Devon Rollins, vice president of cyber engineering and machine learning at Capital One, adds, “Securing business-critical applications requires a level of differentiated protection. It’s safe to assume many deployments of ML tools at scale are critical given the role they play for the business and how they directly impact outcomes for users.”
Novel security considerations to keep in mind
While best practices for securing ML systems are similar to those for any software or hardware system, greater ML adoption also presents new considerations. “Machine learning adds another layer of complexity,” explains Hanif. “This means organizations must consider the multiple points in a machine learning workflow that can represent entirely new vectors.” These core workflow elements include the ML models, the documentation and systems around those models and the data they use, and the use cases they enable.
It’s also imperative that ML models and supporting systems are developed with security in mind right from the start. It is not uncommon for engineers to rely on freely available open-source libraries developed by the software community, rather than coding every single aspect of their program. These libraries are often designed by software engineers, mathematicians, or academics who might not be as well versed in writing secure code. “The people and the skills necessary to develop high-performance or cutting-edge ML software may not always intersect with security-focused software development,” Hanif adds.
According to Rollins, this underscores the importance of sanitizing open-source code libraries used for ML models. Developers should think about considering confidentiality, integrity, and availability as a framework to guide information security policy. Confidentiality means that data assets are protected from unauthorized access; integrity refers to the quality and security of data; and availability ensures that the right authorized users can easily access the data needed for the job at hand.

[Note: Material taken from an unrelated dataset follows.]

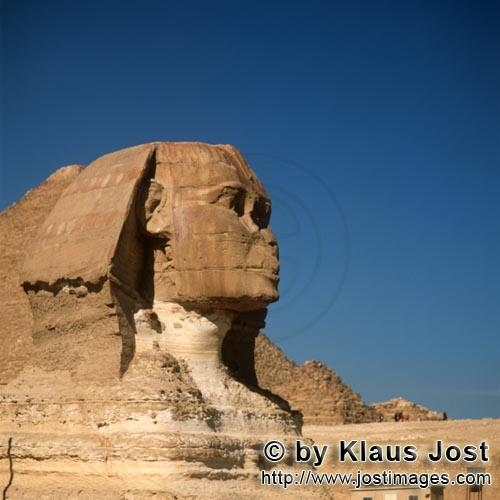 Great Sphinx of Giza/Sphinx von Gizeh        Sphinx von Gizeh - Kopfbereich         Ungefähr 350 m 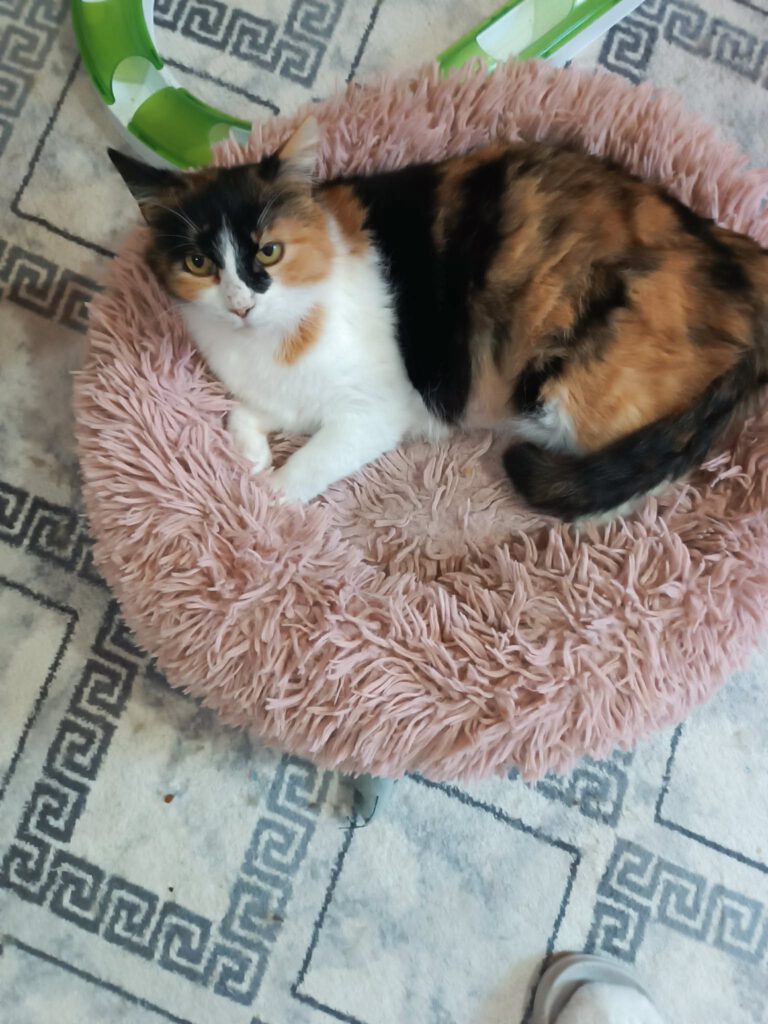Vom Charakter her bin ich eine ganz tolle Katze sagt meine Pflegemama. Am Liebsten bin ich in menschlicher Gesellschaft; mit anderen Katzen möchte ich nicht so gerne zusammen leben.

Additionally, ML input data can be manipulated to compromise a model. One risk is inference manipulation—essentially changing data to trick the model. Because ML models interpret data differently than the human brain, data could be manipulated in ways that are imperceptible by humans, but that nevertheless change the results. For example, all it may take to compromise a computer vision model may be changing a pixel or two in an image of a stop sign used in that model. The human eye would still see a stop sign, but the ML model might not categorize it as a stop sign. Alternatively, one might probe a model by sending a series of varying input data, thus learning how the model works. By observing how the inputs affect the system, Hanif explains, outside actors might figure out how to disguise a malicious file so it eludes detection.
Another vector for risk is the data used to train the system. A third party might “poison” the training data so that the machine learns something incorrectly. As a result, the trained model will make mistakes—for example, automatically identifying all stop signs as yield signs.